Neben der Dunkelfeldproblematik muß bei den Wirtschaftsstraftaten auch noch folgendes berücksichtigt werden:

• Die PKS ist eine Ausgangsstatistik, d.h. die Fälle werden nach Abschluß der polizeilichen Ermittlungen bei der Abgabe des Verfahrens an die Staatsanwaltschaft statistisch erfaßt. Speziell im Bereich der Wirtschaftskriminalität führen die teilweise sehr langen - oft mehrjährigen - Bearbeitungszeiten und die bei einzelnen Fachdienststellen bestehenden Bearbeitungsrückstände sowie die mitunter beträchtlichen Zeitabstände zwischen der Tatbegehung und deren Aufdeckung dazu, daß die PKS nur bedingt die Kriminalitätslage im Jahr der Erfassung widerspiegelt. Dies gilt analog auch für die polizeilich registrierten Schäden durch die Wirtschaftskriminalität. Man denke in diesem Zusammenhang nur beispielsweise an Veruntreuungen, die sich durch geschickte Vertuschung über mehrere Jahre hinziehen können, bis sie schließlich entdeckt werden. In der PKS wird der Gesamtschaden, der über mehrere Jahre hinweg entstanden ist, dem Jahr des Ermittlungsabschlusses zugeschlagen.

• Ermittlungsverfahren der Wirtschaftskriminalität sind meist komplex und beinhalten regelmäßig mehr als einen Tatvorwurf.
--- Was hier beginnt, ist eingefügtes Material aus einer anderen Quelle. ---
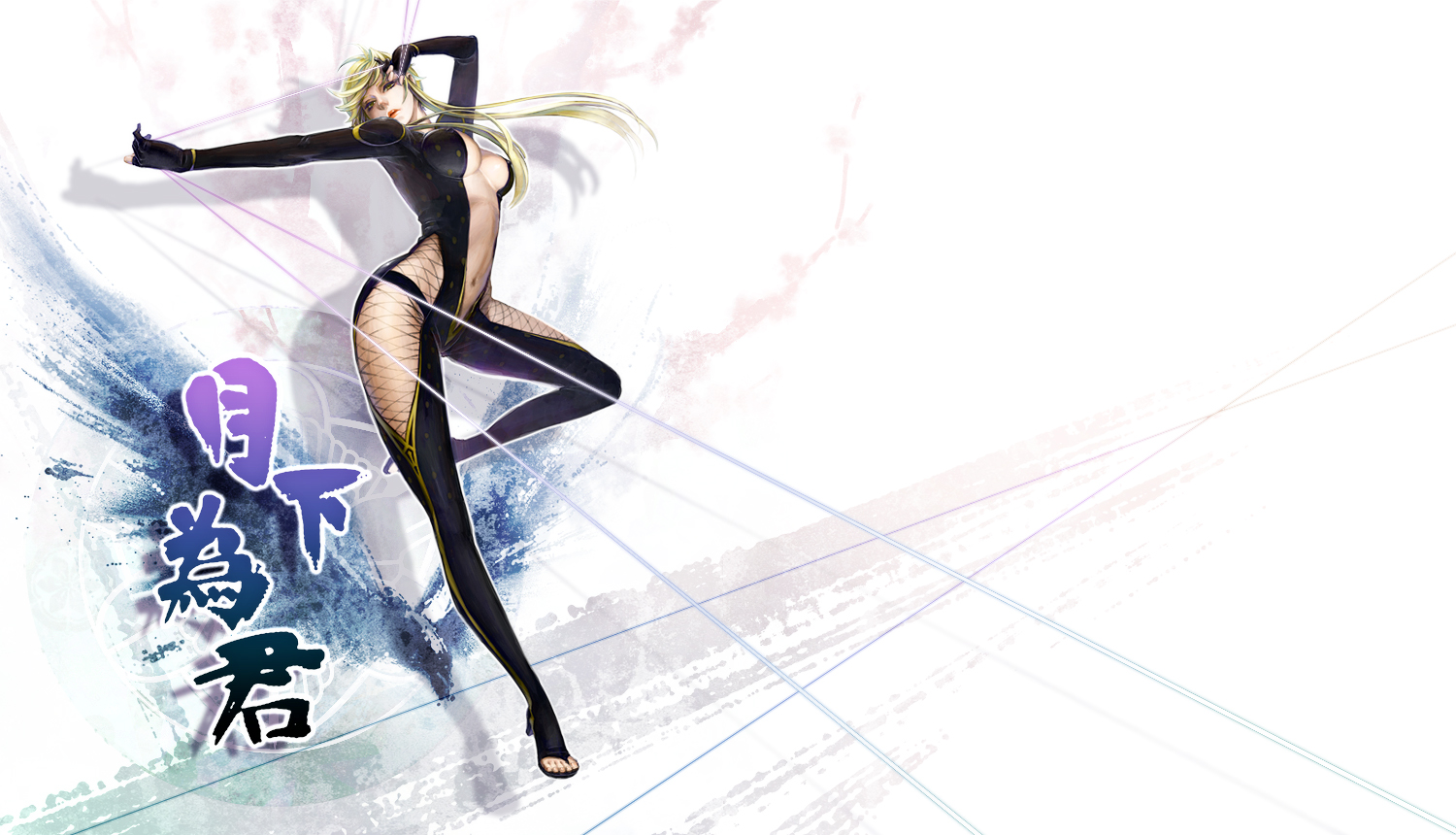 namakura shiki, kasuga (sengoku basara), sengoku basara, 00s, 1girl, arched back, arm up, armor, blonde hair, bodysuit, breasts, center opening, cleavage, clothing cutout, female focus, fighting stance, fingerless gloves, fishnets, foreshortening, gloves, head tilt, high heels, holding, leg lift, lipstick, long hair, looking at viewer, makeup, medium breasts, midriff, navel, ninja, no bra, open mouth, outstretched arm, pauldrons, polka dot, shadow, shoes, shoulder armor, side cutout, sidelocks, solo, standing, standing on one leg, swept bangs, toeless legwear, toes, underboob, weapon, wire, yellow eyes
Auch dies ist mit der PKS nicht zu erfassen, da nur einzelne Straftaten gezählt werden.

Trotz dieser Mängel und Unzulänglichkeiten glaube ich, daß wir, gestützt auf die Erfahrungen der Fachdienststellen sowie die Erkenntnisse der Strafverfolgungsbehörden, der Steuer- und der Arbeitsverwaltung, aber auch der Wirtschaft selbst, ein realitätsnahes Bild der Erscheinungsformen, Entwicklungen und neuen "Maschen" der Wirtschaftskriminalität zeichnen können.